The increasing availability of high-resolution geospatiotemporal data sets from sources such as observatory networks, remote sensing platforms, and computational Earth system models has opened new possibilities for knowledge discovery using data sets fused from disparate sources. Standard tools used on individual workstations are impractical for the analysis and synthesis of data sets of this size; however, new algorithmic approaches that can effectively utilize the complex memory hierarchies and the extremely high levels of available parallelism in state-of-the-art high-performance computing platforms can enable such analysis.

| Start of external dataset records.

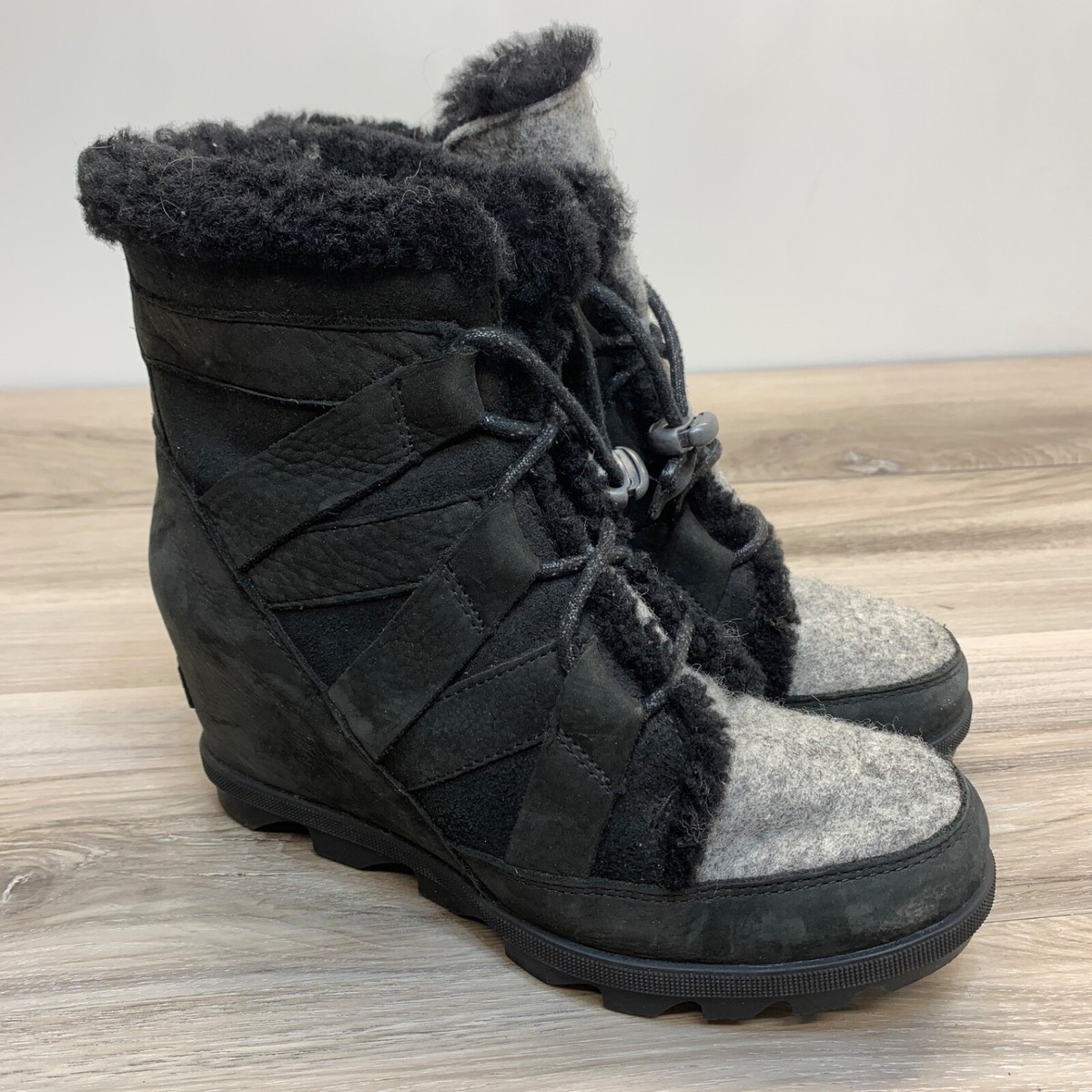 超美品 SOREL ソレル　スノーブーツ　26cm SOREL レディースブーツ 26cm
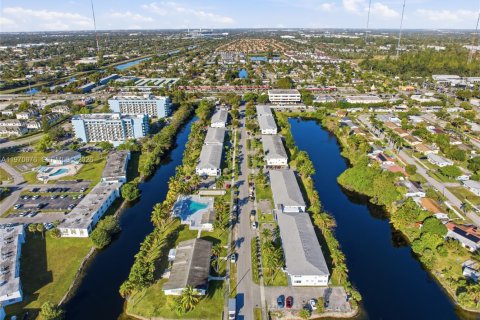 Condominio en venta en Miami Gardens, Florida, 1 dormitorio, 66.05 m2 № 2031440 - foto 24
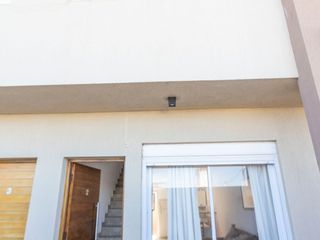 Foto 9 de Dúplex en venta de 2 dormitorios c/ cochera en Monte Hermoso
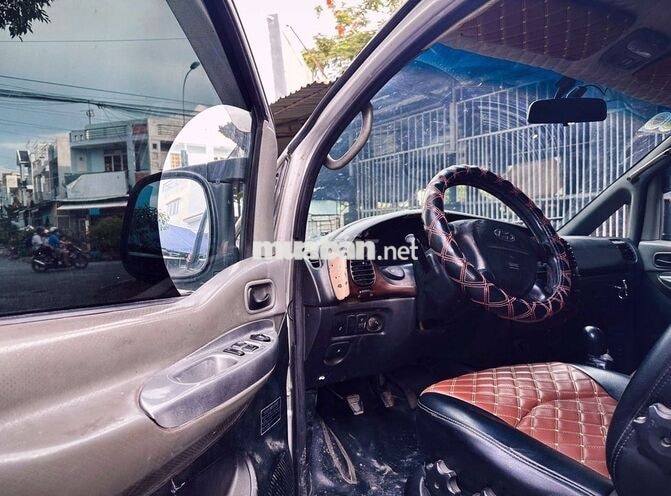 Hyundai Starex Van 6 chổ 800kg bán gấp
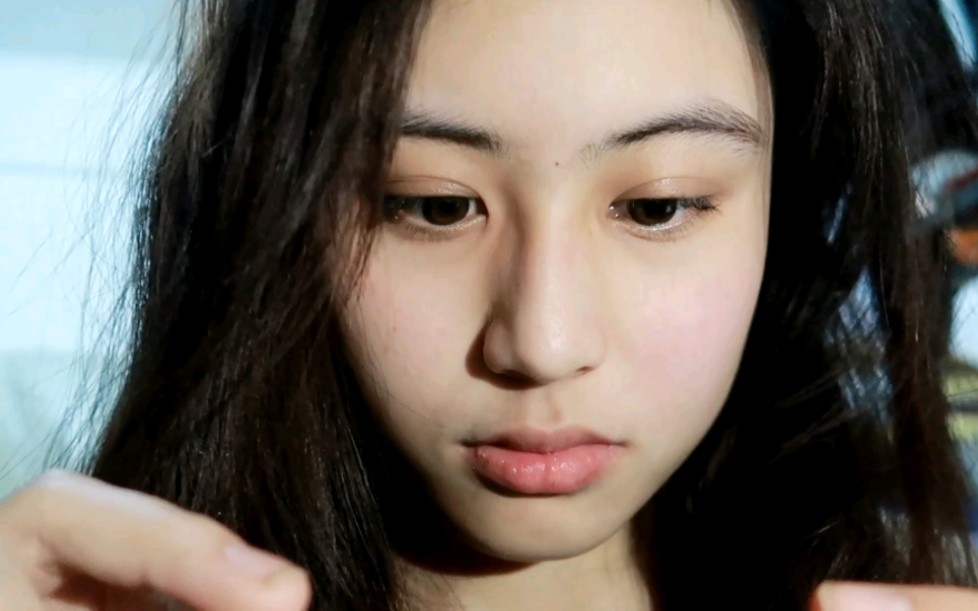 大一女生素颜涂口红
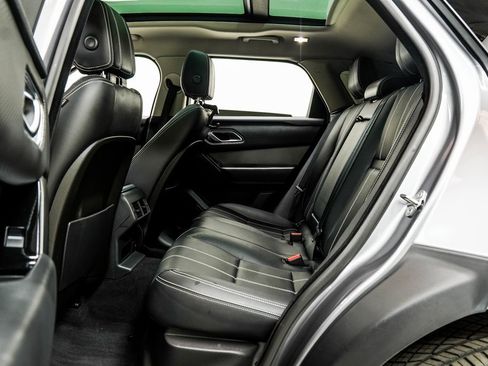 Used 2020 Land Rover Range Rover Velar S image 40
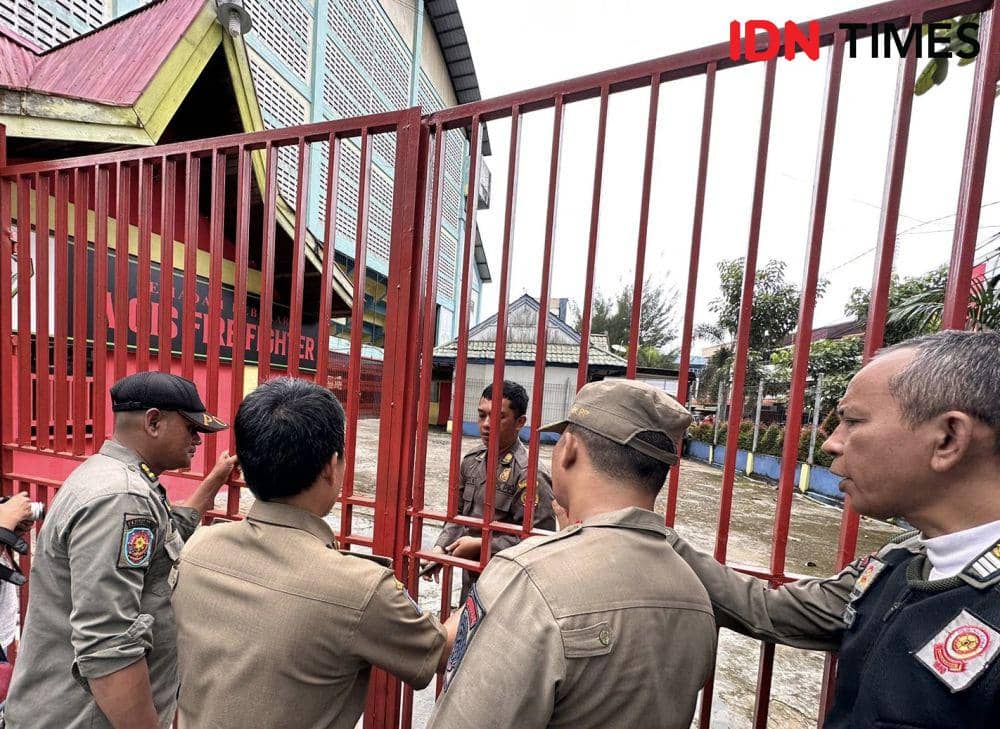 Sejumlah Sat Pol PP Pontianak berusaha merusak gembok gedung. (IDN Times/Teri).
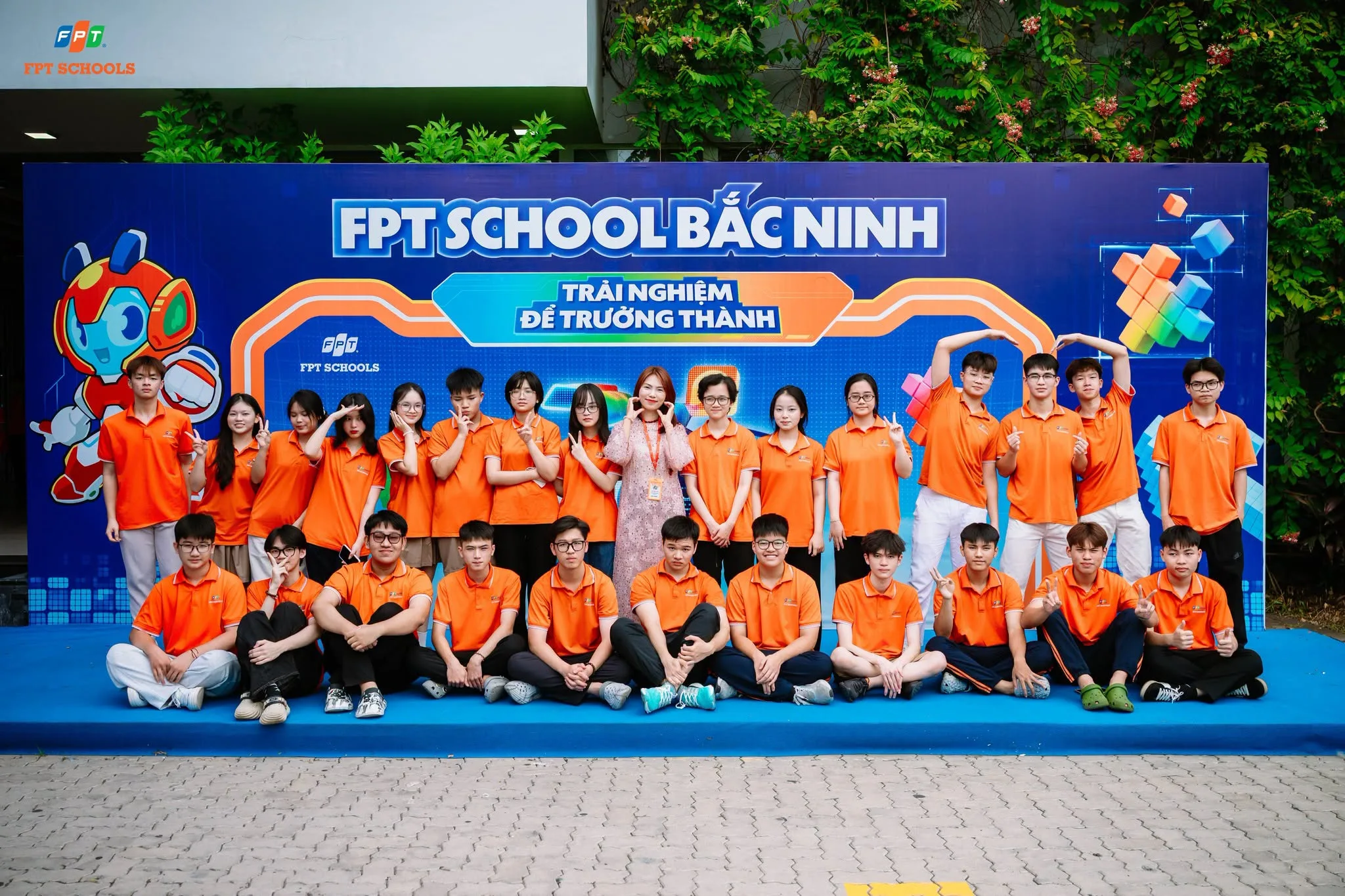 Khối D14 gồm những môn nào và có lợi thế gì khi xét tuyển - FPT Education he-thong-truong-pho-thong-fpt- s377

We describe pKluster, an open-source tool we have developed for accelerated k-means clustering of geospatiotemporal data, and discuss its utilization for several ecological applications.
Results/Conclusions
pKluster can run on machines ranging from laptops to massively parallel machines, allowing it to scalably process massive geospatial data sets. Recently, it has been further enhanced with optimizations to boost computational intensity and utilization of wide SIMD lanes on state-of-the art multi- and manycore processors, including the second-generation Intel Xeon Phi ("Knights Landing") processor based on the Intel Many Integrated Core (MIC) architecture. We describe some of these developments in detail and present performance studies that demonstrate the impact of these developments and the size of data sets that can be practically analyzed with the tool. We also demonstrate application of the tool in ecological studies including quantitative delineation of ecoregions, forest cover change detection, and classification of forest canopy structures from LiDAR point clouds, and we speculate on new kinds of analysis of climatic and ecological data sets that these capabilities could enable.